The vote for Resolution C045 in the House of Deputies |
Two weeks after the close of General Convention, several of us who advocated for the Episcopal Church to divest from fossil fuels are still processing the success of Resolution C045 that calls on major funds of the Episcopal Church to divest from the fossil fuel industry and reinvest in clean energy. Part of my own processing is realizing the success of our efforts against the discouraging background of the daily onslaught of news stories about climate change and its effects. Since General Convention ended, the rather discouraging State of the Climate 2014 report has been published, fires continue to burn in western Canada and California, homes and lives have been lost in floods in Kentucky and southern Ohio, and a new study says that we are already in the "worst case scenario" for sea level rise. What does our action mean when compared to the enormity of the situation?
In the greater scheme of things, the amount of money to be divested and reinvested is not great. And the moral reach of the Episcopal Church in 2015 is not as great as it was a few decades ago; the pronouncements of the Episcopal Church do not carry the weight among leaders of government and industry that they once did. None of this, though, makes the passage of Resolution C045 insignificant. In the midst of our General Convention, we managed to have a conversation of sorts about climate change. We acknowledged the big hot elephant in the room and talked, first in the Environmental Stewardship and Care of Creation committee hearings and then, briefly but clearly, in both Houses of General Convention about what is happening and how the church might respond. When presented with a proposal to change our investment policy to reflect the realities of today’s world and our concern for people now and in the future who are negatively affected by climate change, we voted in favor of divestment.

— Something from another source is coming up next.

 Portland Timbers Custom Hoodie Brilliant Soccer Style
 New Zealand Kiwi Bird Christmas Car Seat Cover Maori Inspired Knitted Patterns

Along with divestment/reinvestment, another successful resolution that came out of the Environmental Stewardship committee was Resolution A030 that creates an Advisory Council on the Stewardship of Creation with work at the provincial level to develop theological resources and networks for practical application to help us respond to climate change.

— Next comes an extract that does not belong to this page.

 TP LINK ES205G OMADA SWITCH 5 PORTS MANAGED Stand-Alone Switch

We offered what we could at General Convention, knowing that even when the challenge seems beyond our ability, Jesus can take what we freely give and use it to provide just what we need even when we can’t imagine what that provision might look like. Choosing to divest from fossil fuels was both a sign of our hope and a catalyst for future hope.
Given the challenges before us, we could easily have been cynical rather than hopeful. We could have ignored climate change completely. Opponents of divestment offered arguments that we should keep our “place at the table” in the fossil fuel industry even though the nature of the industry is the extraction and processing of the fossil fuels that are killing us. Following that advice, we could have clung to our current investment policy while telling ourselves that it was for the sake of advocating for something — for the fossil fuel industry to do something other than what it does? —and not because of our own fears. We could have looked at the enormity of the challenge of climate change and decided it was beyond our abilities to do anything at all, choosing to put our energies into the church’s internal concerns rather than into serving the world in Christ’s name. But we chose hope and we chose faith in Jesus.
Hope during these challenging times looks like General Convention. In all sorts of areas, we chose to follow the Gospel as best we know how; we chose to give Jesus what we have in faithful expectation, in hope, that Jesus, working through us and through what we offer, “can do infinitely more than we can ask or imagine” (The Book of Common Prayer, p. 102).
Part of the joy of participating in General Convention this year was the lack of cynicism and the spirit of hope grounded in faith in Jesus. I’m still processing all that we did in Salt Lake City, but I know that my hope for the church and for the world was shored up mightily by what we did there.